# Trophy Ridge Dropzone dropping too slow



## Noobist (Jun 5, 2009)

so i'm not getting fletch clearance, the launcher arm isn't dropping away fast enough. when i draw and let the bow off (without firing it) the arm slowly floats back down, lazily. 
as a result the force of the arrow keeps slightly twisting the arm. 
not sure what to do. originally when it wasn't coming down fast enough i thought i might just have to lift the rest up, but i don;t think that's the problem. maybe something with the spring... does anybody know what to look for or how to adjust that sort of thing....
missing out on hunts cos of this.... 


Note: This is a double-post of a thread I've had up in the fingershooting section for awhile, didn't get much luck over there, so I thought it may be better to try in this forum. Thanks for all assistance.


----------



## zimtown (Mar 4, 2008)

I saw this happen this summer at a tournament. Long story short we dropped some veggie oil from camp in/on the spring. worked perfect! so basically, just use some sort of oil/lube and work up and down manually a little.


----------



## Noobist (Jun 5, 2009)

thanks for that tip. i used some of the oil for my hair clippers, and it seems to be coming down fast at first, then still creeping the last wee bit down. Have to put some shots thru it to see if fletches clearing now, and maybe jack the rest up a wee bit... looking good though.


----------



## easyeriq (Feb 10, 2008)

I have heard that dirt and debris can get in the track and cause issues. Have you tried cleaning it?
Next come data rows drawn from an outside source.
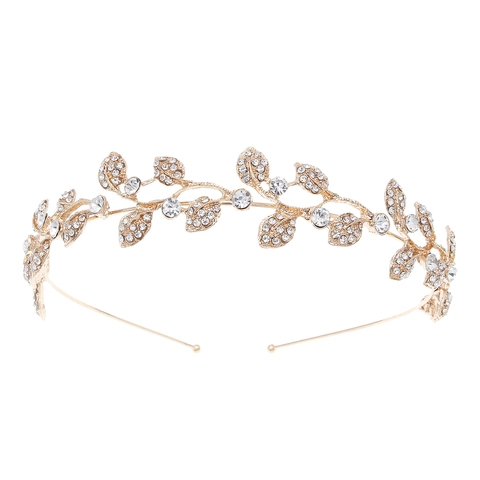 Lussuosa Corona da Sposa con Motivo a Foglia in Strass Elegante Cerchietto in Lega Oro Argento Accessori Capelli Matrimonio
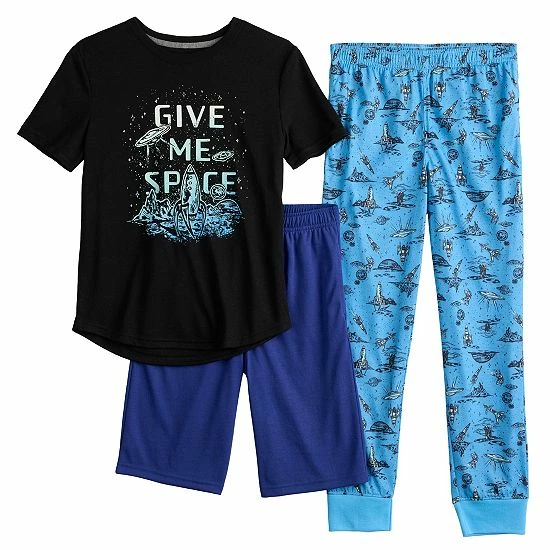 Boys 5-20 Sonoma Goods For Life® Top, Shorts & Pants Pajama Set Stay Wild 5 Boys 5-20 Sonoma Goods For Life® Top, Shorts & Pants Pajama Set Stay Wild - Image 3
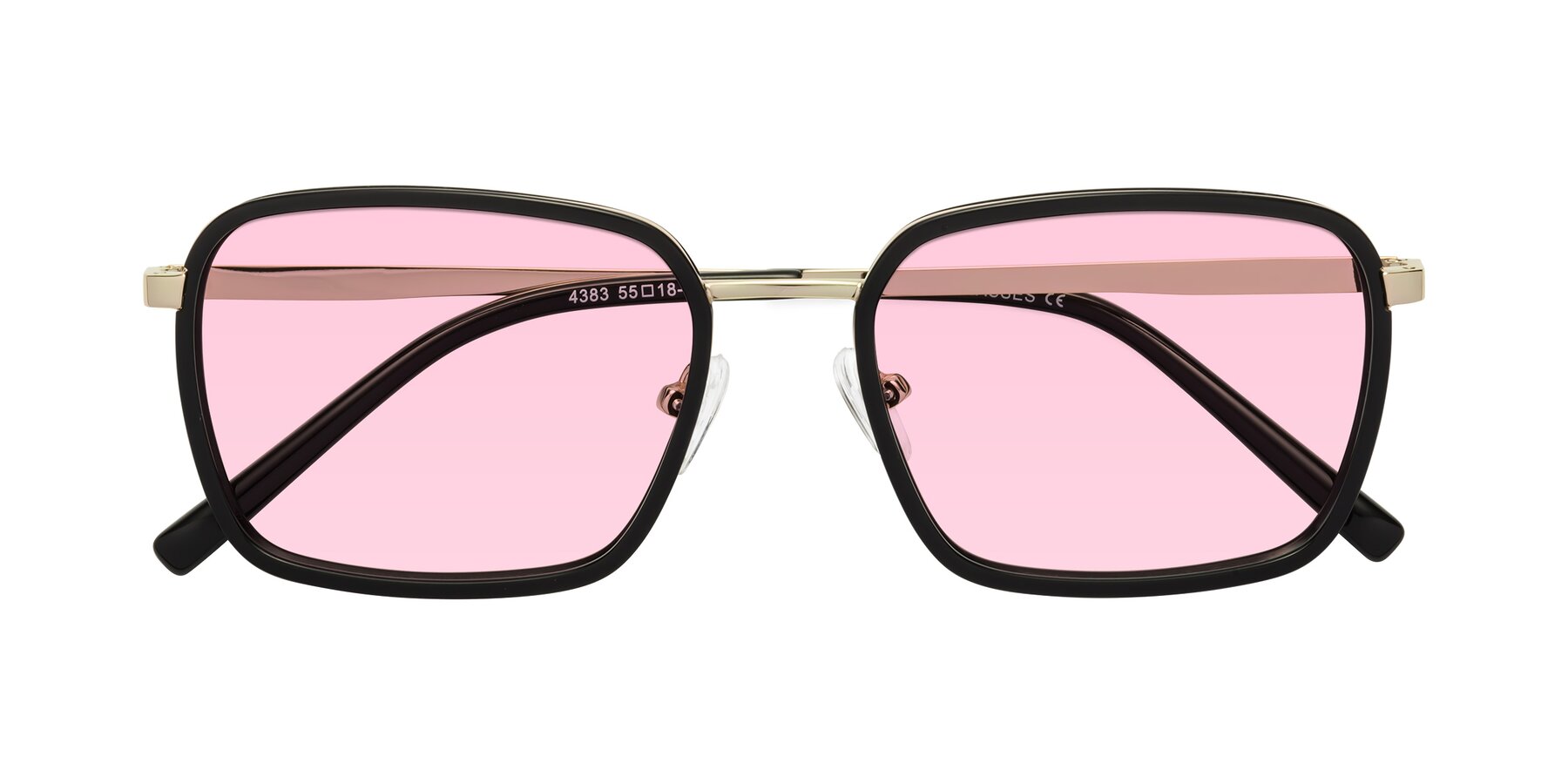 Folded Front of Sunflower in Black-Gold with Light Pink Tinted Lenses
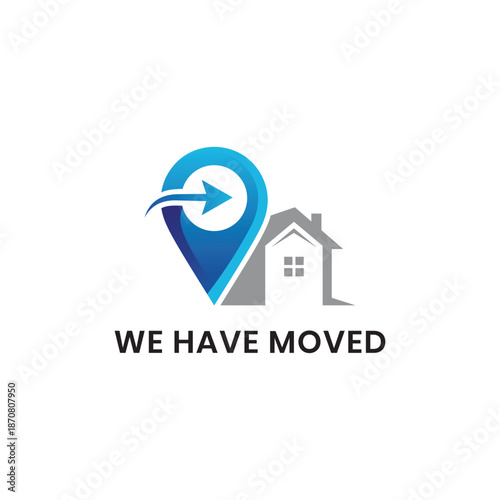Business Move Announcement Badge with Abstract Location Pin and Home Icons, Editable ESP Vector, Clean Professional Flat Design in Sky Blue and Gray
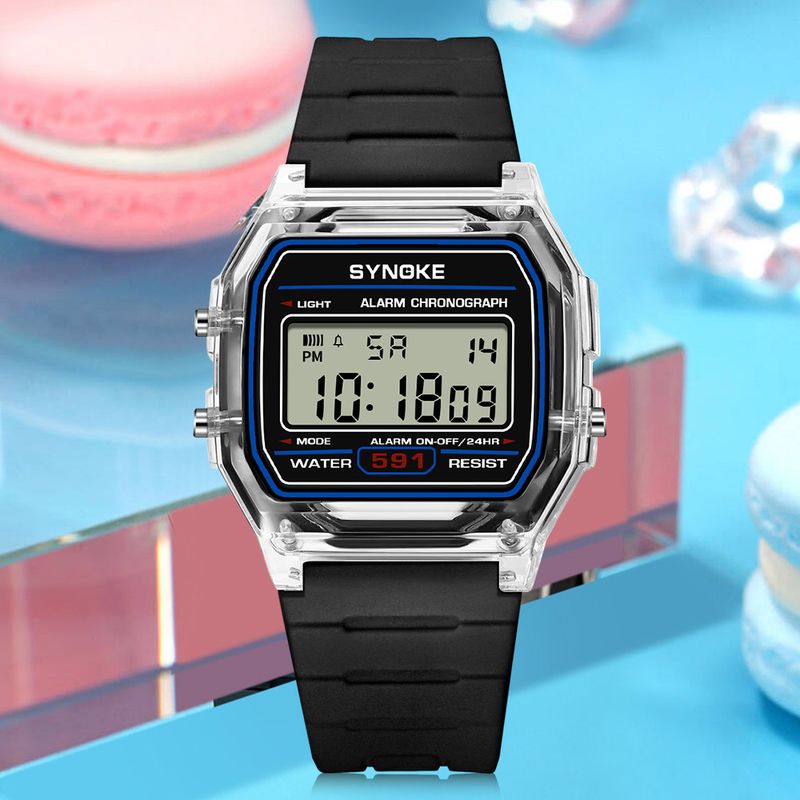 SYNOKE Elektronische Sportuhr für Studenten, leichtes Design, klassisch, klein, quadratisch_voghion.com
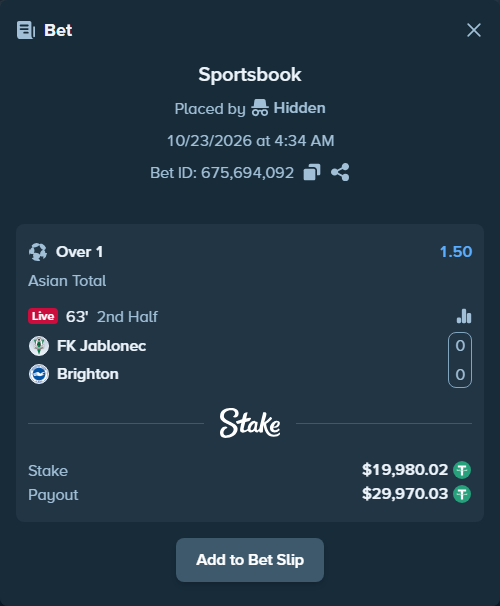 Bet slip: FK Jablonec - Brighton, $20,000.00 stake at 1.50 odds, placed by Jackpoor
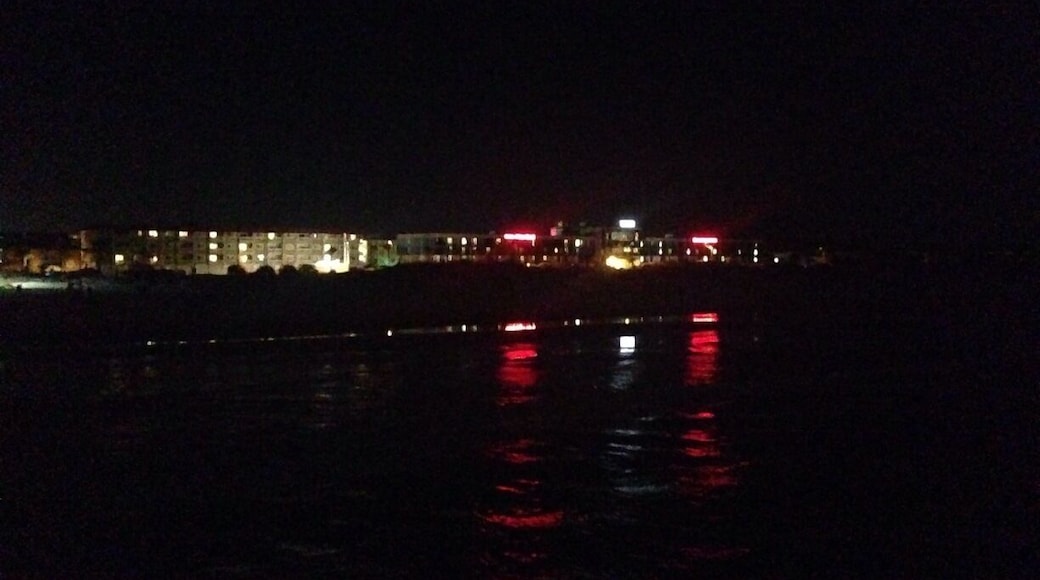 Taken from the pier at Tybee Island. The pier closes at 11pm and re opens at 9am. The moon off the ocean was so beautiful.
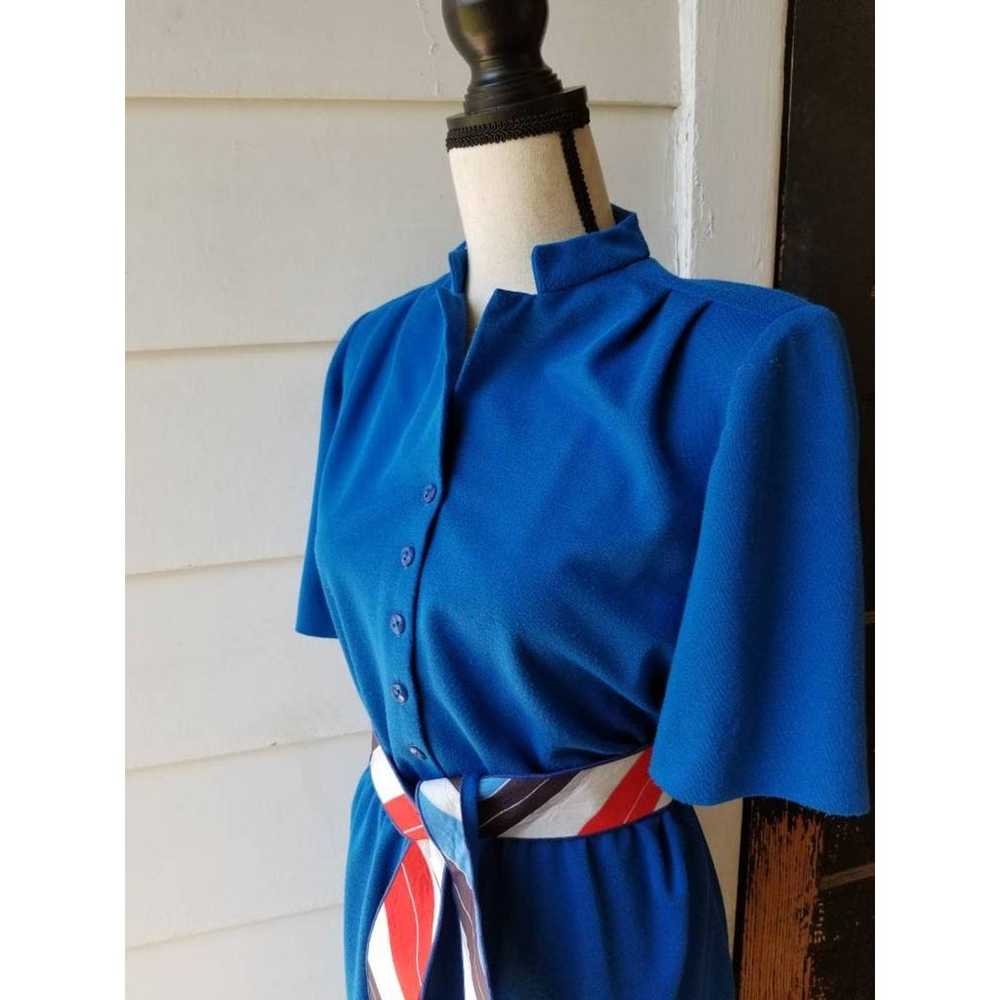1980s Blue Dress with Striped Belt || Leslie Fay - image 5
After cleaning, then apply a good lube.


----------



## xibowhunter (Mar 18, 2003)

There are plastic bushings inside the rest that the launcher arm rides on,these bushings are thereso you dont have to use lubricant,which will attract dirt or if they even get the smallest crip on them this will slow the launcher arm down ,contact Trophy Ridge/Bear archery and they will send you(more like sell you) a rebuild kit ,if you don't feel confident doing it yourself you can send it to them and they'll do it for you ,but it is easy


----------



## Noobist (Jun 5, 2009)

hmmm... cleaned it out with WD-40, was working perfectly for awhile but then after a little bit it slows down again.
Trophy Ridge said they are sending me some replacement "tubes" and that most likely the tubes would have been damaged due to it not dropping quickly enough in the first place. so I guess we'll have to wait and see.
The string that runs from the rest to the down cable rubs on the riser a bit (i got a 2006 Caribou with that tec-riser thing goin'on.) but I don't think that's whats causing the pr0oblem, as it works fine when lubed up.


----------